Showcasing Large-Scale Cloud Gaming Concurrency with Polystream and AWS Game Tech

We had the pleasure of inviting AWS APN Partner Polystream’s Platform Architect, Jamie Carter, to contribute to this guest blog. Discover how Polystream achieves 3D interactivity at scale utilizing AWS services such as Amazon Elastic Compute Cloud (EC2).

The landscape of cloud gaming is advancing rapidly, with 3D interactive applications like car configurators and collaborative development tools emerging. However, there remains a challenge in delivering these experiences at scale. For instance, how can a cloud-first game accommodate a Fortnite-like surge of 10 million concurrent users when current technology limits us to just a few thousand users in the cloud?

The viability of mass-market content, particularly in cloud gaming, hinges on the ability to achieve large-scale delivery. Yet, true scalability remains elusive. Traditional methods that rely on cloud-based GPUs fall short of the flexibility and elasticity that cloud solutions promise for streaming 3D interactive content. The scarcity of suitable GPUs and prohibitive costs further complicate matters. Polystream, with the backing of AWS Game Tech, is pioneering a new approach to deliver 3D interactivity at scale.

Current solutions typically depend on VMs with GPUs to stream video to each user. In contrast, Polystream’s Command Streaming technology eliminates this dependency on physical cloud hardware by implementing a software-defined architecture that transmits graphics commands instead of video. By harnessing the cloud’s computing power and connecting it to the billions of GPUs embedded in gaming consoles, smartphones, and computers, our innovative technology achieves levels of scale that were previously thought impossible.

Underpinning Polystream’s revolutionary Command Streaming technology is our globally distributed, multi-cloud service known as the Polystream Platform. This platform is engineered to leverage our key differentiator: the ability to operate without being constrained by cloud-based GPUs. It can provision, manage, and orchestrate vast numbers of interactive streams across any cloud provider worldwide.

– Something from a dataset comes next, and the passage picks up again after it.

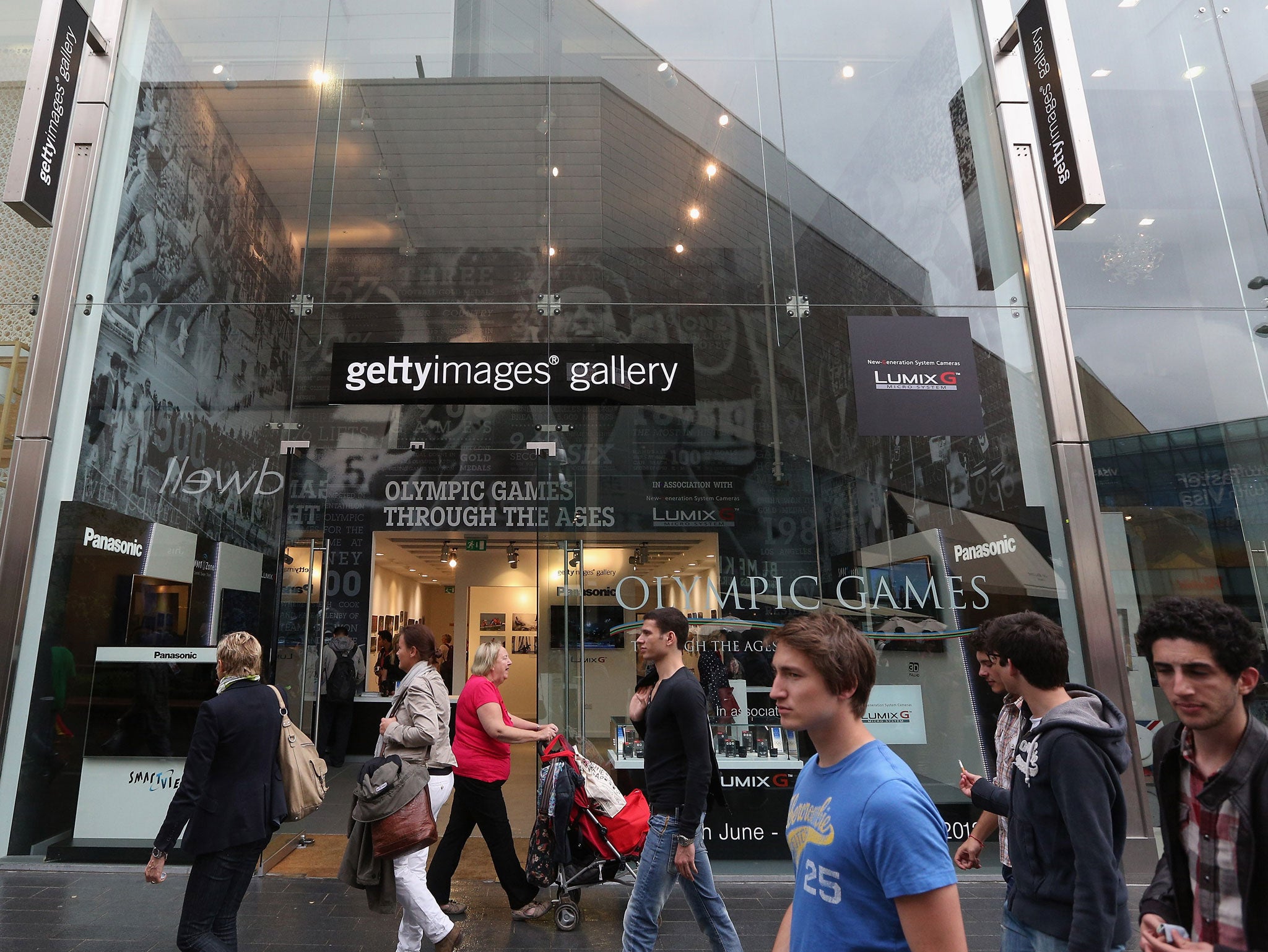 Shoppers walk past the Getty Images gallery in London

In November 2019, we aimed to showcase Command Streaming’s capability to deliver scale in user concurrency. Our objective was to achieve a level of concurrent usage that would be challenging with typical GPU video streaming. We meticulously managed elastic provisioning and deployment, operational monitoring, intelligence gathering, and the graceful teardown of tens of thousands of interactive streams within a single day.

To facilitate this concurrency scaling test, we collaborated closely with AWS Game Tech, which played an instrumental role in the trial and provided most of the streaming compute resources. They delivered the necessary Virtual Machines through Amazon Elastic Compute Cloud (EC2) to support our anticipated levels of concurrent usage.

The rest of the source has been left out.